You are viewing a plain text version of this content. The canonical link for it is here.
Posted to issues@spark.apache.org by "Herman van Hovell (JIRA)" <ji...@apache.org> on 2016/11/17 11:47:58 UTC

[jira] [Updated] (SPARK-18489) Implicit type conversion during comparision between Integer type column and String type column

     [ https://issues.apache.org/jira/browse/SPARK-18489?page=com.atlassian.jira.plugin.system.issuetabpanels:all-tabpanel ]

Herman van Hovell updated SPARK-18489:
--------------------------------------
    Description: 
Suppose I have a dataframe with schema:
{noformat}
root
 |-- _c0: integer (nullable = true)
 |-- _c1: double (nullable = true)
 |-- _c2: string (nullable = true)
{noformat}

and data:
{noformat}
+---+---+----+
|_c0|_c1| _c2|
+---+---+----+
|  1|1.0|   1|
|  2|1.0|   s|
|  3|3.1|null|
+---+---+----+
{noformat}
if the following operations are carried out:
{noformat}
df.where("_c1==_c2").show
+---+---+---+
|_c0|_c1|_c2|
+---+---+---+
|  1|1.0|  1|
+---+---+---+
{noformat}

{noformat}
df.where("_c1<>_c2").show   or   df.where("_c1!=_c2").show 
+---+---+---+
|_c0|_c1|_c2|
+---+---+---+
+---+---+---+
{noformat}
So the related operation results are ambiguous
Here the stringified numeric values are being Implicitly casted where the others are just ignored instead of throwing an exception
In my view these things can lead to incorrect results if dataset is not properly observed. 

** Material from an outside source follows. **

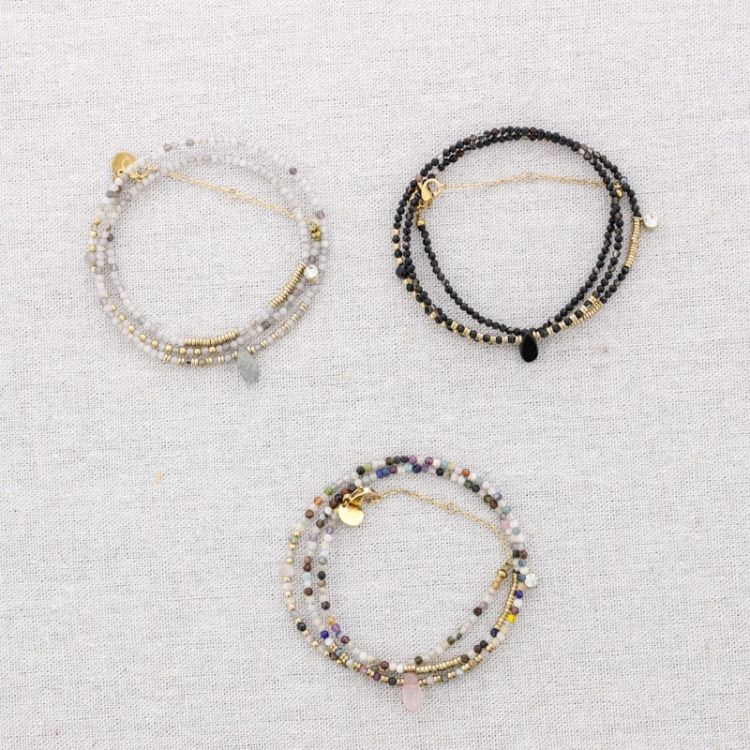 THREE ROUND STONE STEEL BRACELET 2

Also SQL-99 standard discourages implicit casting to avoid such things.
https://users.dcc.uchile.cl/~cgutierr/cursos/BD/standards.pdf

The same implicit casting is also there for UDFs and aggregation functions.




  was:
Suppose I have a dataframe with schema:
root
 |-- _c0: integer (nullable = true)
 |-- _c1: double (nullable = true)
 |-- _c2: string (nullable = true)


and data:
+---+---+----+
|_c0|_c1| _c2|
+---+---+----+
|  1|1.0|   1|
|  2|1.0|   s|
|  3|3.1|null|
+---+---+----+
if the following operations are carried out:
df.where("_c1==_c2").show
+---+---+---+
|_c0|_c1|_c2|
+---+---+---+
|  1|1.0|  1|
+---+---+---+

df.where("_c1<>_c2").show   or   df.where("_c1!=_c2").show 
+---+---+---+
|_c0|_c1|_c2|
+---+---+---+
+---+---+---+
So the related operation results are ambiguous
Here the stringified numeric values are being Implicitly casted where the others are just ignored instead of throwing an exception
In my view these things can lead to incorrect results if dataset is not properly observed. 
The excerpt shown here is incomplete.